Para os mais pobres (o primeiro quintil de renda per capita), a tributação indireta equivale a 74% do total de transferências monetárias que recebem do governo (REZENDE; CUNHA, 2002, p. 106-110). Esta relação é importante porque, na lógica mantida pelo governo Lula, a progressividade do sistema tributário deveria ser assegurada pelos programas de transferência de renda, os quais são financiados basicamente pela tributação indireta que afeta os mais pobres.

O peso dos tributos indiretos contrasta com o papel mais modesto do imposto de renda, que redistribui a renda por seu caráter progressivo, com alíquotas maiores para rendas maiores.
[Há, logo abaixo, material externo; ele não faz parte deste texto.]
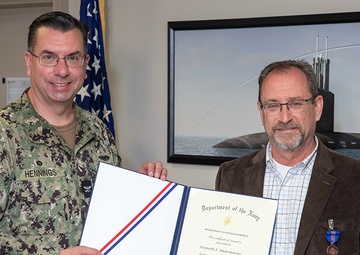 NUWC Division Newport scientist earns DON Meritorious Civilian Service Award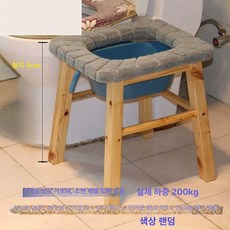 좌욕기 의자 변기 원목 간편한 화장실 등받이 체어 욕실, 조립 40강화변기두꺼운 매트 1개미끄럼, 1개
Em 2005, o IR representava 18,27% das receitas fiscais e sua participação no PIB, 6,82%, estava muito abaixo da dos países da Organização para Cooperação e Desenvolvimento Econômico (OCDE): 9,54% na Espanha, 10,96 % na Alemanha, 13,44% no Reino Unido, 15,86% no Canadá (AFONSO; MEIRELLES, 2006, p. 37).

O IR é arrecadado sob três formas. O IR retido na fonte (IRRF), que representa 3,92% do PIB e fornece 57% do total do IR, incide principalmente sobre salários pagos a pessoas físicas; o IR sobre empresas (IRPJ) arrecada 2,55% do PIB e 37% do IR total; e o IR sobre pessoas físicas (IFPF) apurado nas declarações anuais responde por 0,33% do PIB e 5,2% do IR total.

O peso elevado do IRRF sobre os salários decorre em parte da correção parcial das faixas de incidência pela inflação, o que eleva o IR devido pelos assalariados que conseguem reajustes salariais (UNAFISCO SINDICAL, 2006). Por outro lado, as alíquotas foram reduzidas a três em 1994 (0%, 15% e 25%, esta elevada para 27,5% em 1996), o que aliviou a pressão tributária sobre as rendas mais altas - a alíquota máxima de 27,5% é 14 pontos menor que nos EUA e 13% menor que no Reino Unido (OECD, 2006). As altas rendas são muito favorecidas por várias formas de reduzir o pagamento de IR, muitas delas legais. Apesar da sofisticada estrutura de informações e controle, o acúmulo de brechas na legislação permite a estas pessoas a redução do IR devido, inclusive pela dedução de despesas com educação, saúde e previdência privada.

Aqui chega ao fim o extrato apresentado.